* What you are asked to do:
Below are the records. Count the lines containing the string "Kahve", and reply with the number alone.
##########
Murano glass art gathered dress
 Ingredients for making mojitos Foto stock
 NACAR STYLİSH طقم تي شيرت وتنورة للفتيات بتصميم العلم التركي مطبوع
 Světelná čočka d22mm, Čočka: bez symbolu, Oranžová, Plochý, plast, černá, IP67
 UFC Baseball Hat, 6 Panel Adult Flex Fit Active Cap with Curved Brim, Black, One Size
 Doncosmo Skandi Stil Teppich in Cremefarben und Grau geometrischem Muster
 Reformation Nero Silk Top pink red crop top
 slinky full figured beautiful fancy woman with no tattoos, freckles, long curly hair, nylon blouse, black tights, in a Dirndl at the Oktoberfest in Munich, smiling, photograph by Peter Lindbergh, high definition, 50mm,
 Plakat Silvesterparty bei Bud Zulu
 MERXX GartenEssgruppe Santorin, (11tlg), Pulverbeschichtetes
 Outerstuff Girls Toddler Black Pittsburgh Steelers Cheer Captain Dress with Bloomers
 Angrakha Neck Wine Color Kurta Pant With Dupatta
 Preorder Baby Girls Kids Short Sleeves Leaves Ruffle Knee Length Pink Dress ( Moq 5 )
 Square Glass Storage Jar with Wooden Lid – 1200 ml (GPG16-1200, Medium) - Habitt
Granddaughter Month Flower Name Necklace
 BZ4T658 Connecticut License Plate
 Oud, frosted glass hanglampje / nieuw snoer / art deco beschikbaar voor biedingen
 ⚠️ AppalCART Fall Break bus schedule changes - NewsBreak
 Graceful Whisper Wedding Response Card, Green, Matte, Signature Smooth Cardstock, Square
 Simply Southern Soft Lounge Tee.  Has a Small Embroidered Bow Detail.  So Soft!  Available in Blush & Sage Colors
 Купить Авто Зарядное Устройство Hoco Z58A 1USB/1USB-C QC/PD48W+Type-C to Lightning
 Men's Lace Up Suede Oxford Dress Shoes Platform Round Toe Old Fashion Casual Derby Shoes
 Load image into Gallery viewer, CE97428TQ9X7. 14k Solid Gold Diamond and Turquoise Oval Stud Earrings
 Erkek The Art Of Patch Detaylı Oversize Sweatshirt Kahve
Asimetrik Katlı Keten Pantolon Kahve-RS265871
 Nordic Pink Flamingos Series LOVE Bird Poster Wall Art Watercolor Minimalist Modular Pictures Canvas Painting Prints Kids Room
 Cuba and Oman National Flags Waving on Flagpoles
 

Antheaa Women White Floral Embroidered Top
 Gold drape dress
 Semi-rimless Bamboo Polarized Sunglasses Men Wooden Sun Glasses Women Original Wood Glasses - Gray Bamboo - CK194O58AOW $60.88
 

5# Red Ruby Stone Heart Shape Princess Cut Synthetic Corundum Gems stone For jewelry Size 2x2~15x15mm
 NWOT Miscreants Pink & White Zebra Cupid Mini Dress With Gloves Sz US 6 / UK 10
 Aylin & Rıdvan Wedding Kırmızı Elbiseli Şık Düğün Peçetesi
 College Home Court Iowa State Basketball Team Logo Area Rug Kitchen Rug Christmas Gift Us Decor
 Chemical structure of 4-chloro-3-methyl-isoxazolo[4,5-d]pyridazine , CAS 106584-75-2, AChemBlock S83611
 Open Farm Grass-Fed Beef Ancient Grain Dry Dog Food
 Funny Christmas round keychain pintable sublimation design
##########
* Worked solution:
2